Protegidos temporalmente de la realidad económica, los gobiernos griegos acumularon deudas formidables, gracias a unas tasas de interés artificialmente bajas. La calamidad financiera del 2008 y 2009 dejó en evidencia una unión monetaria hecha a medias.
Una solución hubiera sido colectivizar la deuda por medio de “eurobonos” emitidos por el Banco Central Europeo (BCE). Esto, sin embargo, no lo permitía el diseño original del euro. Cuando fueron propuestos los bonos compartidos entre los entonces 16 miembros de la eurozona, la resistencia de los países acreedores –Alemania, Holanda, Finlandia y Austria– fue inflexible.
El norte de Europa exigió una política de austeridad. La denominada Troika –el BCE, la Comisión Europea y el Fondo Monetario Internacional– la implementó. En efecto, sucesivos gobiernos griegos claudicaron su independencia económica.
Necesariamente, el ambiente político se ensombreció: en Grecia se hablaba de reparaciones alemanas pendientes por la invasión de la Segunda Guerra Mundial; en Alemania, de la necesidad de vender islas griegas para financiar la deuda. El surgimiento del partido ultranacionalista heleno Amanecer Dorado, cuyos miembros atacan físicamente a grupos de inmigrantes, auguró el revivir de tormentos que Europa supuestamente había dejado atrás en 1945.

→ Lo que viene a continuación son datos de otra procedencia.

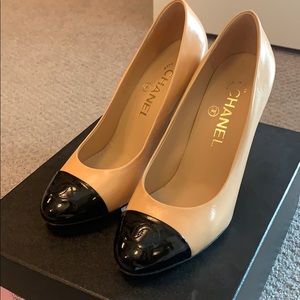 Chanel two toned pumps 35.5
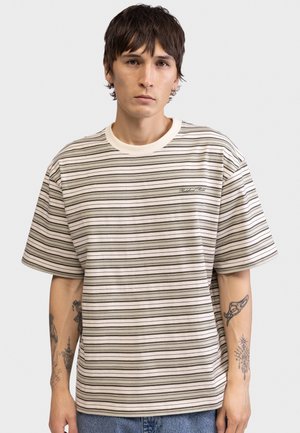 Ριγέ μπλουζάκι σε μπεζ και καφέ, κατασκευασμένο από βαμβάκι, με κοντά μανίκια, στρογγυλή λαιμόκοψη και μικρό κεντημένο λογότυπο.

En el 2010, la potencial salida de Grecia de la eurozona se consideró extremadamente peligrosa para la economía europea in toto. Cuando se estableció una “unión de transferencias” a través del BCE, se cumplió la predicción que hizo Margaret Thatcher en 1990: la devastación de las economías ineficientes de la eurozona –una consecuencia inevitable de la unión monetaria entre países con colosales diferencias de producción– engendró “enormes transferencias de un país a otro”.
Pero el subsidio a países al borde de la insolvencia no se estableció sin oposición. En Alemania se presentaron varias demandas ante la Corte Constitucional, argumentando que los rescates a Grecia y a otros países eran ilegales, pues comprometían la independencia del banco central alemán (Bundesbank) y ponían en peligro su liquidez al obligarlo a comprar bonos de alto riesgo.
En Alemania, la oposición interna a la subvención de la deuda griega, reflejada en el surgimiento del nuevo partido antieuro y antiinmigración Alternative für Deutschland, hace imposible que la canciller Angela Merkel asuma una posición flexible ante las exigencias del nuevo gobierno griego de Alexis Tsipras. El líder de Syriza, una coalición neomarxista, barrió en las elecciones del 25 de enero, prometiendo incrementar el gasto público y descontinuar el programa de austeridad impuesto por la Troika, cuyos términos vencen el 28 de febrero.
Aún no es claro si cederá primero Tsipras o el establecimiento europeo. Según Evans-Pritchard y otros realistas económicos, el mejor acuerdo sería ningún acuerdo: la única manera de acabar con la quasi depresión crónica en Europa es deshaciéndose del euro.